Friday, April 8, 2011
I noted in a recent "Property and Renewable Energy" post on Land Use Prof Blog that I am teaching a "Law of Electricity" seminar this semester, which describes the laws that apply to all phases of electricity production (from the siting and construction of generation to transmission and distribution). The course focuses primarily on wind energy, and I have assigned each of my students to compose a portion of a model wind energy code for Oklahoma and to suggest how portions of the code could benefit other states' energy policy projects. As part of the project we have begun to speak with state senators and representatives in Oklahoma to identify the policy challenges facing wind and other energy industries. One point raised in a recent call struck me as particularly relevant to professors teaching in this area and looking for creative projects for students.
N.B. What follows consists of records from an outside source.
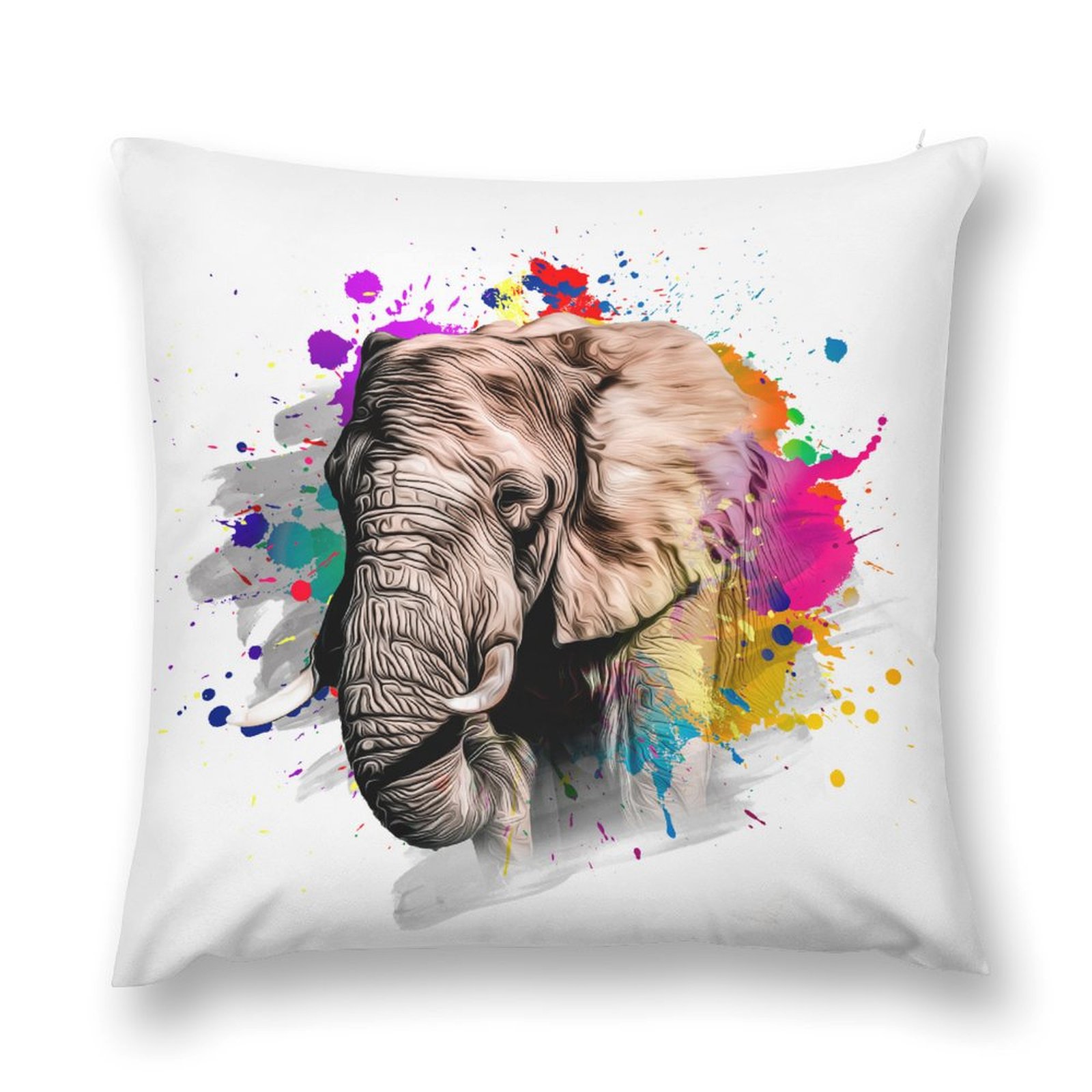 Bybiment 1 Pack Plush Throw Pillow Cover, Elephant Head Creative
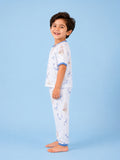 BambooTEC™ Unisex Bamboo Fabric Blue Whale Print T-Shirt & Pyjama Set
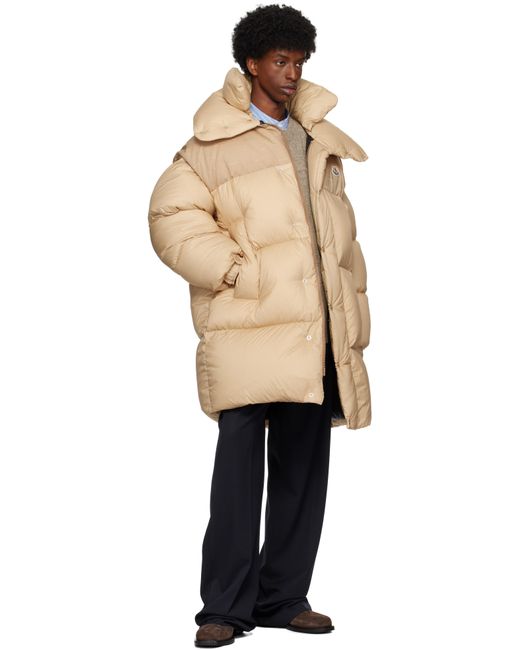 メンズ Moncler Verone ロング ダウンジャケット Black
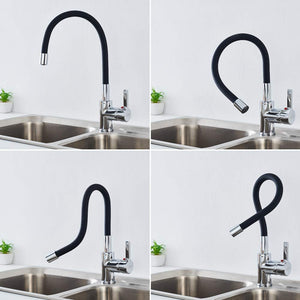 Auralum Rubinetto Flessibile per Cucina Miscelatori Nero - Ilgrandebazar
One state senator expressed frustration over the lack of energy "facts" from neutral third parties, such as information on the current and projected price per kilowatt hour of electricity from all energy sources--both traditional and renewable. If state legislators want these facts, why not have our students research, compile, and analyze them and send them to policymaking bodies? The facts could be combined with relevant legal analysis, such as comparisons of local, state, and federal energy subsidies and other laws that have affected the pace of various forms of energy development. Students in policy, economics, business, or science programs might be better equipped to provide many of these neutral third-party facts, but it seems that law students have an important role to play, too. If federal policymakers in Washington benefit from hoards of white papers and briefs from active research institutions, why not give state and local policymakers similar information that could better inform their decisions?
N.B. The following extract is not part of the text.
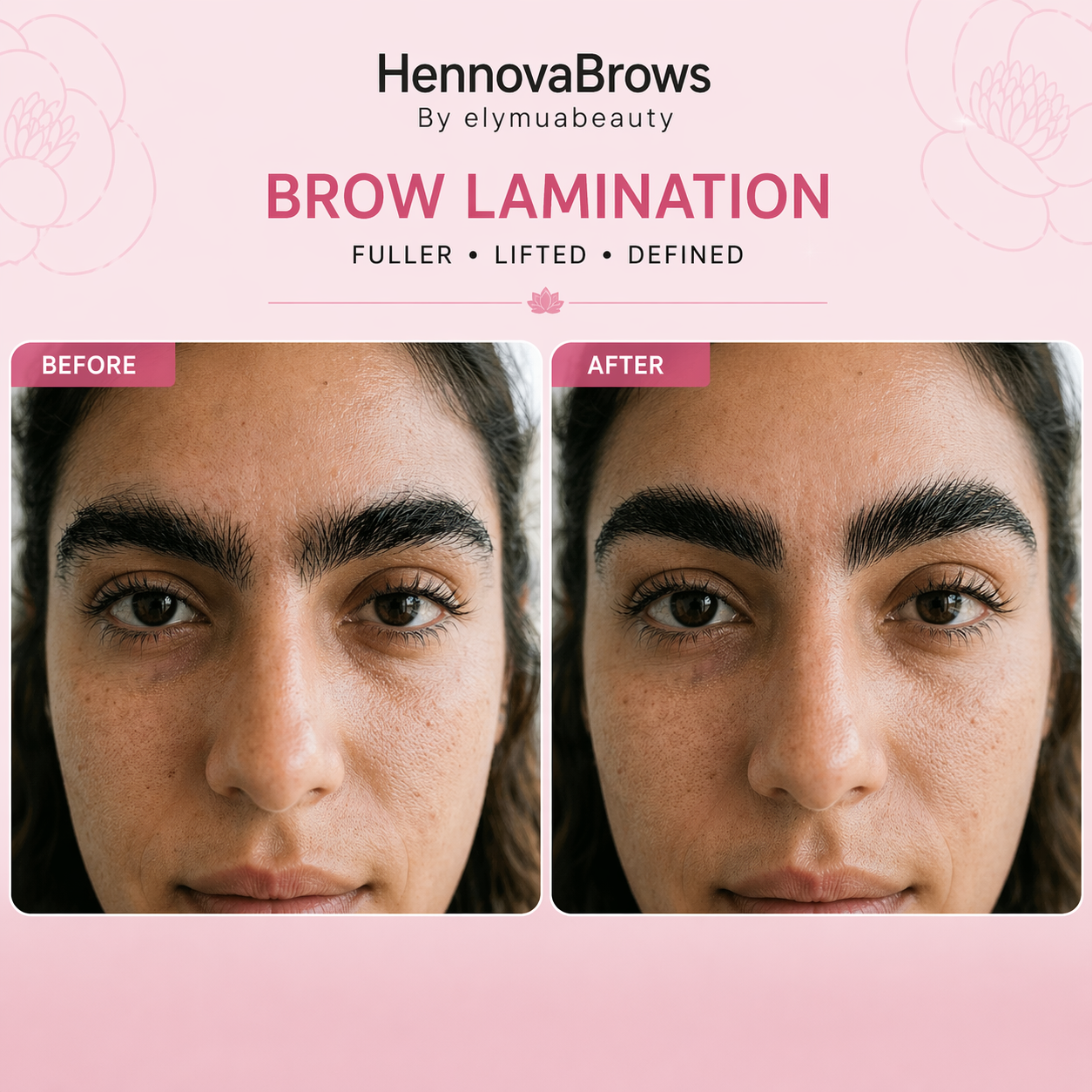 HennovaK-Lift Lash & Brow System – 3 Step Korean Lifting & Lamination Kit (Professional Use)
Professor Michael Gerrard at Columbia Law School is already putting this idea in action through the Center for Climate Change Law's Model Municipal Ordinance Project; the Center is currently seeking comments on its model ordinance. Other law schools have also begun providing valuable information on energy to local, state, and federal policymakers. To name a few, the University of Houston's Energy, Environment and Natural Resources Center presented carbon trading ideas to federal policymakers at the conclusion of its "Practice of Carbon Trading Class," which included business and law students. Berkeley Law's Center for Law, Energy & the Environment similarly involves students in analysis of energy policy, as does the University of Colorado Law School's Center for Energy & Environmental Security, the University of Connecticut School of Law's Center for Energy and Environmental Law, the UC Davis School of Law's California Environmental Law & Policy Center, the UNC School of Law's Center for Law, Environment, Adaptation and Resources, Pace Law School's Pace Energy and Climate Center, Stanford's Steyer-Taylor Center for Energy Policy and Finance, San Diego School of Law’s Energy Policy Initiatives Center, the University of Texas School of Law's Center for Global Energy, International Arbitration, and Environmental Law, the University of Tulsa's and George Kaiser Family Foundation's National Energy Policy Institute, and Vermont Law School's Institute for Energy and the Environment. I am sure that I have omitted key institutions here; I welcome comments and additions.
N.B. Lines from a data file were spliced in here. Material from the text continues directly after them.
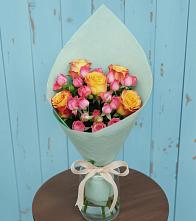 Букет Отличное настроение в Суворовское Крым Букет цветов из:  Розы в Суворовское Крым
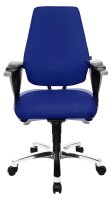 Topstar Bürostuhl Body Balance S30, SI99T26 Stoff blau, Gestell alu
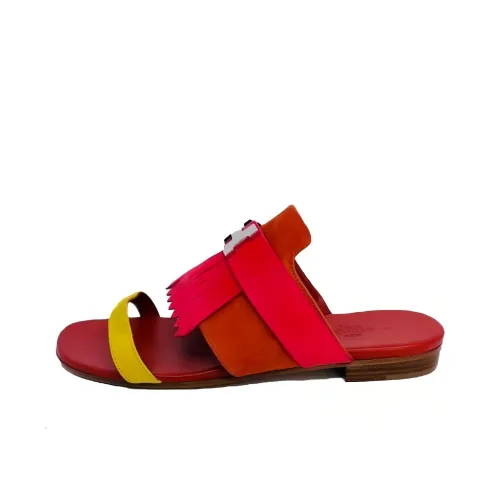 HERMES Carthage Stylish Sandals Women's Red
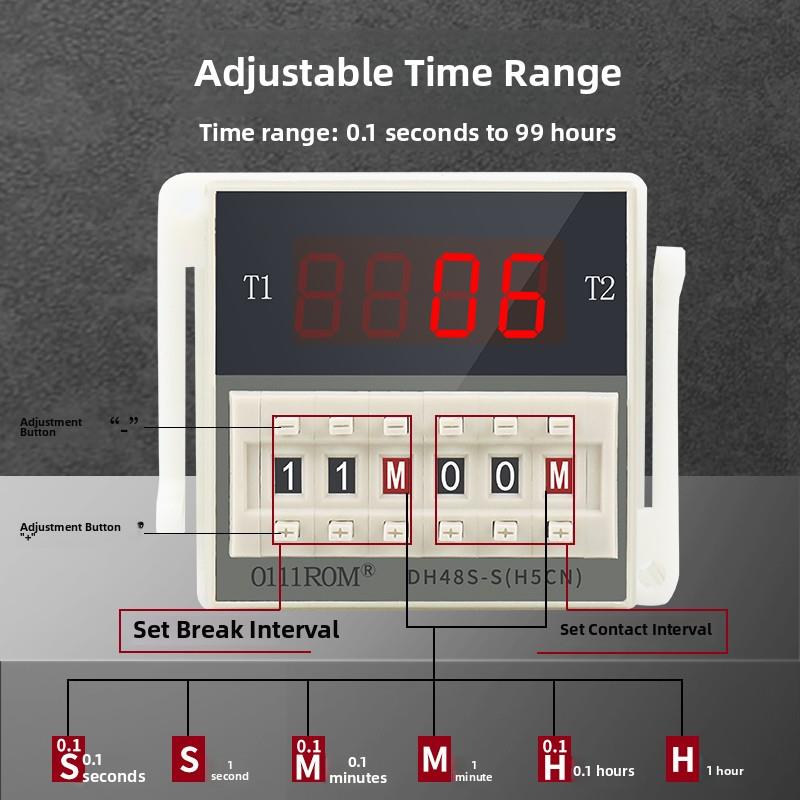 出厂价格直销Dh48S-S-2Z数显循环时间控制器两个常开两个常闭触点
With the rise of energy and environmental policy work in law schools, I also pose a question: Are state policymakers getting the message? How can we better distribute the valuable information produced by bright law students so that policymakers have access to the neutral, third-party information that they are demanding? In a world of overabundant information, it seems that classes embarking on code writing projects or policy whitepapers should include communications students to ensure that the information produced does not go to waste.